[Problem statement]:
Make an exact transcript of the lines in the data below, starting with the one containing "Now, further add" and going on through the one containing "Ed here with", with both included and the pictures left out.

[Information given]:
--- START ---
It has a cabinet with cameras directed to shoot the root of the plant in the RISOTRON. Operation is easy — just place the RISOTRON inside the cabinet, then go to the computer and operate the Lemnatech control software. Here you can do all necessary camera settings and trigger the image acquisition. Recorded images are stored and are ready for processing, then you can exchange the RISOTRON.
--- END ---
--- START ---
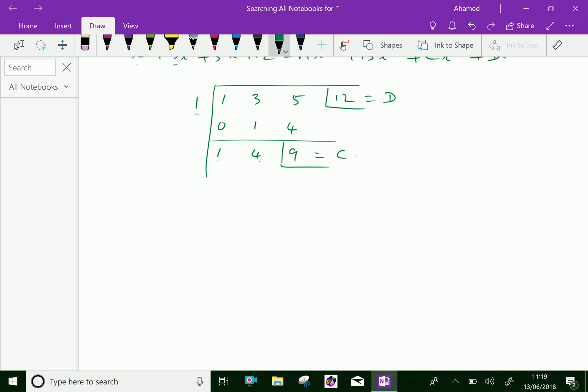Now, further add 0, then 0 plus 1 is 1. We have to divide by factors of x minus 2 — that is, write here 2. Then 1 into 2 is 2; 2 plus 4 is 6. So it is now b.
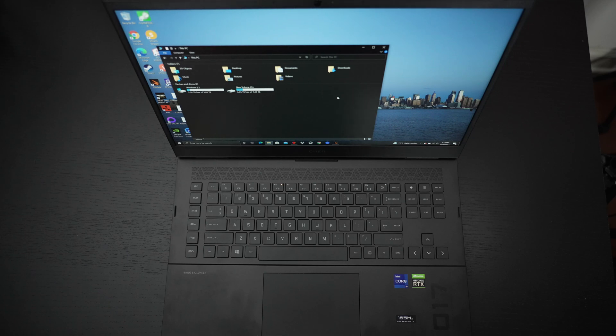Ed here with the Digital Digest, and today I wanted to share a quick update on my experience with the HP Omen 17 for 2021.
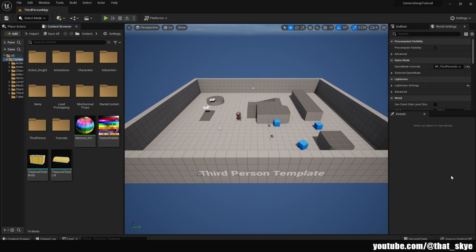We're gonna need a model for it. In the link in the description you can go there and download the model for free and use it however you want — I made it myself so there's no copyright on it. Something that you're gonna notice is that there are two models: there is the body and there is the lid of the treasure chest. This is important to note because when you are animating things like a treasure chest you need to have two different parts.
--- END ---
[Reply to the task]:
Now, further add 0, then 0 plus 1 is 1. We have to divide by factors of x minus 2 — that is, write here 2. Then 1 into 2 is 2; 2 plus 4 is 6. So it is now b.
Ed here with the Digital Digest, and today I wanted to share a quick update on my experience with the HP Omen 17 for 2021.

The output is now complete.